**WORK TO COMPLETE:** Could you repeat all of the entries below, character for character?

**PROVIDED DATA:**
..........
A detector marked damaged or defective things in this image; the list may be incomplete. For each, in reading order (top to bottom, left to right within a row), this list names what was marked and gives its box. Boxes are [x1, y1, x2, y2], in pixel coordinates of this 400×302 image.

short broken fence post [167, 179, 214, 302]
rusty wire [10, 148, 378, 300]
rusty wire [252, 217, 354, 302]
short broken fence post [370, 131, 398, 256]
..........
**RESPONSE TO THIS TASK:**
A detector marked damaged or defective things in this image; the list may be incomplete. For each, in reading order (top to bottom, left to right within a row), this list names what was marked and gives its box. Boxes are [x1, y1, x2, y2], in pixel coordinates of this 400×302 image.

short broken fence post [167, 179, 214, 302]
rusty wire [10, 148, 378, 300]
rusty wire [252, 217, 354, 302]
short broken fence post [370, 131, 398, 256]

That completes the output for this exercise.